Many women like Mary and their children endure severe, unrelenting domestic violence. Crowe estimates about 99 percent of the cases opened each year by her practice group, Family Law, are related to domestic violence—and many instances go unreported. Less than one-fifth of victims seek medical treatment after they are injured.
“At a certain income level, victims just don’t report it because they feel that there is absolutely nowhere to turn,” said Crowe. “The Legal Aid Society was created for people who have nowhere else to turn for help, and we encourage them to step forward to start changing their lives for the better.”
Crowe emphasizes that getting out of an abusive relationship and getting to safety is the first priority. The Legal Aid Society starts the process by helping victims get an Order of Protection against the abuser.
A 2009 study in Kentucky submitted to the U.S. Department of Justice determined that a civil Order of Protection is worth the cost of obtaining and enforcing the orders. While there are costs to obtaining an order of protection, the study found that they are overshadowed by the significant reduction in costs after an order of protection has been issued. The average tax payer savings was $4,665.54 per case in health services, mental health services, victim services, legal fees, police and justice system, employment and lost earnings, transportation and lost property. This means there is a significant tax dollar savings in other costs to the state for every dollar invested in the Legal Aid Society’s work and advocacy.
“Studies show that an Order of Protection reduces further violence and translate to future tax dollar savings,” she added. “Once signed, the Order of Protection says that batterers must have no contact with the victim. If they violate the order, they can be arrested immediately.”
But the Legal Aid Society hopes to stop domestic violence before it gets to this stage.
“Information is key. Seeing those early warning signs of abusive personalities can save someone’s life,” said Adinah Robertson, community education coordinator for Legal Aid Society. “We hope that our educational materials and outreach will help young people to enter relationships cautiously in order to establish healthy, stable family lives in the future.”

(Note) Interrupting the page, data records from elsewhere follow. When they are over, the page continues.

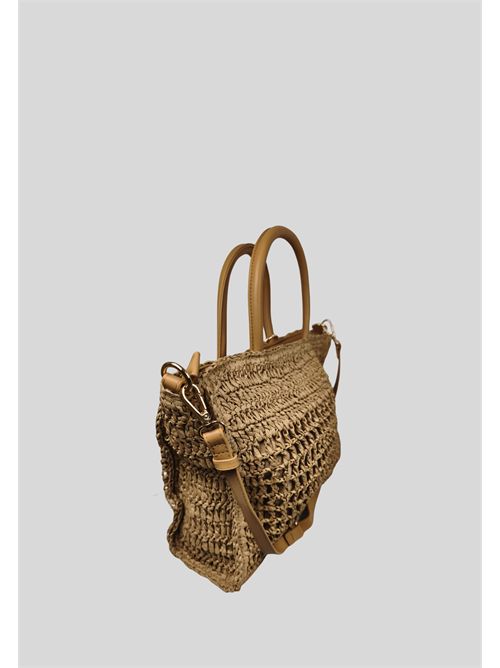 Woven bag with rigid handles C3VD1003 CAFE NOIR | C3VD1003NOCE
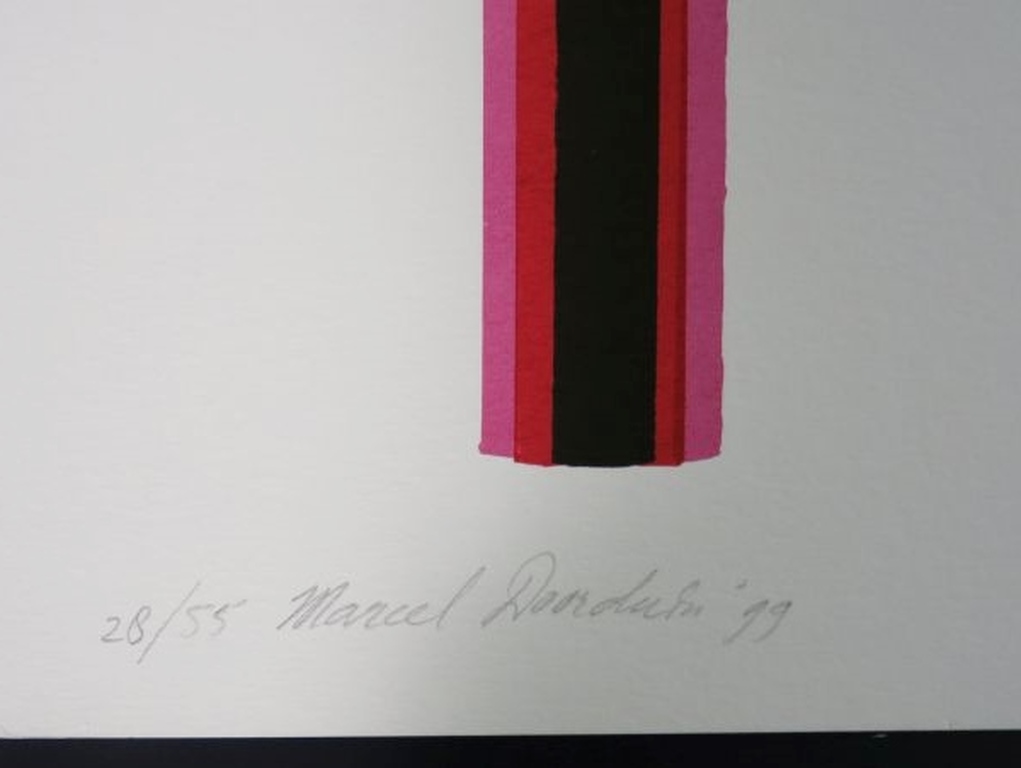 Marcel Doorduin: Zeefdruk, Raster met Roze en Rood kopen? Bied vanaf 1!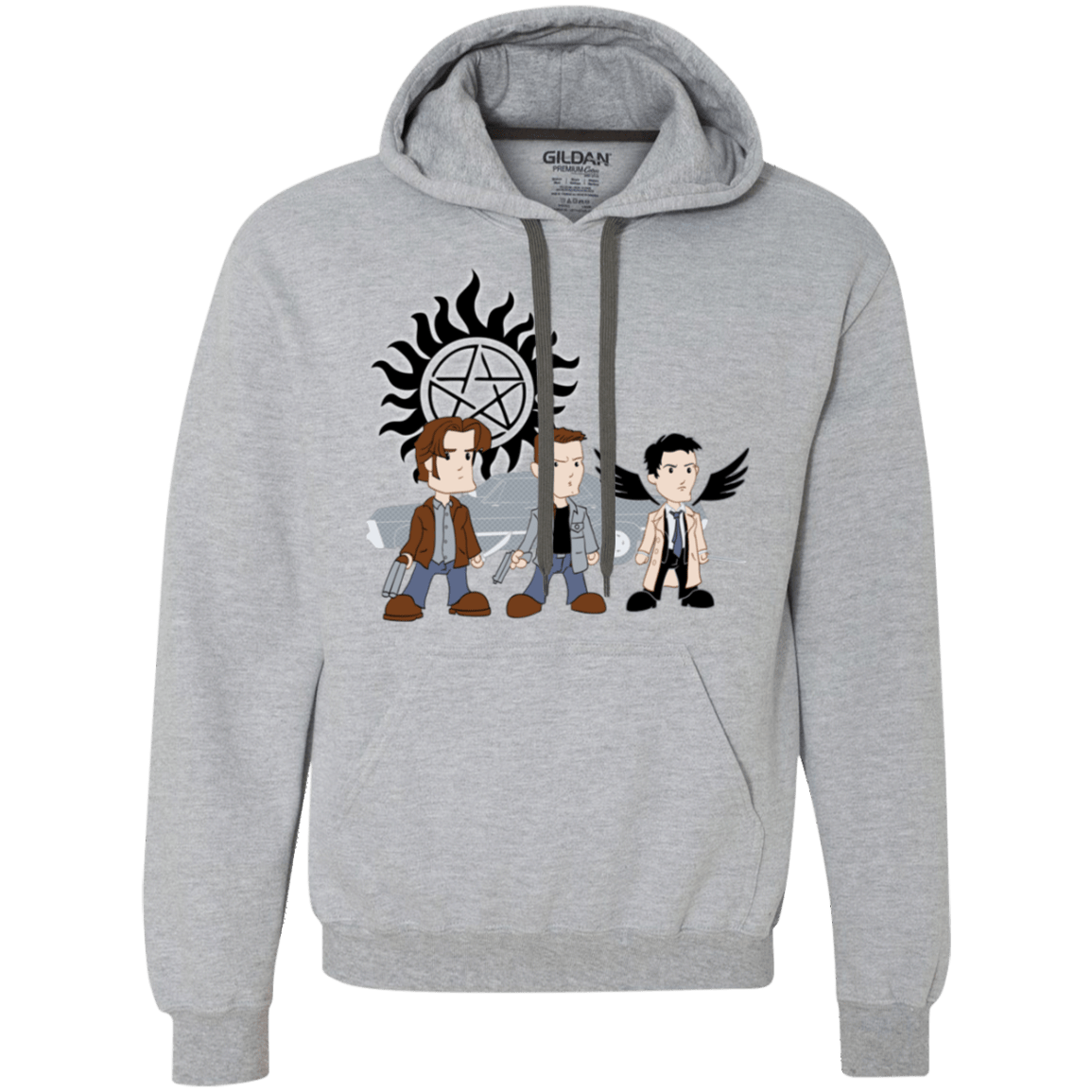 Sweatshirts Sport Grey / S Sam, Dean and Cas Premium Fleece Hoodie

The Legal Aid Society provides free information booklets, posters and wallet cards on domestic violence as well as information about the counseling services available to families and teens. The organization informs teens and local school guidance counselors to recognize the 15 warning signs of abusive personalities (see attached sheet). These resources are available at www.las.org or by calling (615) 780-7108.
“Our goal is to offer legal assistance and information to victims of violence that will help victims and increase their long term safety and independence from their abusers,” said Gary Housepian, executive director of Legal Aid Society. “We want to raise awareness during Domestic Violence Month and let victims know that there is hope through the Legal Aid Society.”
The Legal Aid Society gives free civil legal aid to people who have nowhere else to turn. It serves 48 counties from offices in Clarksville, Columbia, Cookeville, Gallatin, Murfreesboro, Nashville, Oak Ridge, and Tullahoma. The Legal Aid Society is funded in part by United Way.
*We have changed the client’s name to Mary Edwards to maintain anonymity.
About Jean Crowe
Jean Crowe is an attorney for the Legal Aid Society as well as a national and state leader in the field of domestic violence. She leads several of the American Bar Association’s committees and initiatives in the field. In Tennessee, she is a member of the Executive Council and Code Commission of the Tennessee Bar Association’s Domestic Relations Committee. In Nashville, she helped found the Domestic Death Review Team and currently serves as the chairman. Additionally, Crowe is the Chair of the Board of Directors for the Nashville Coalition Against Domestic Violence.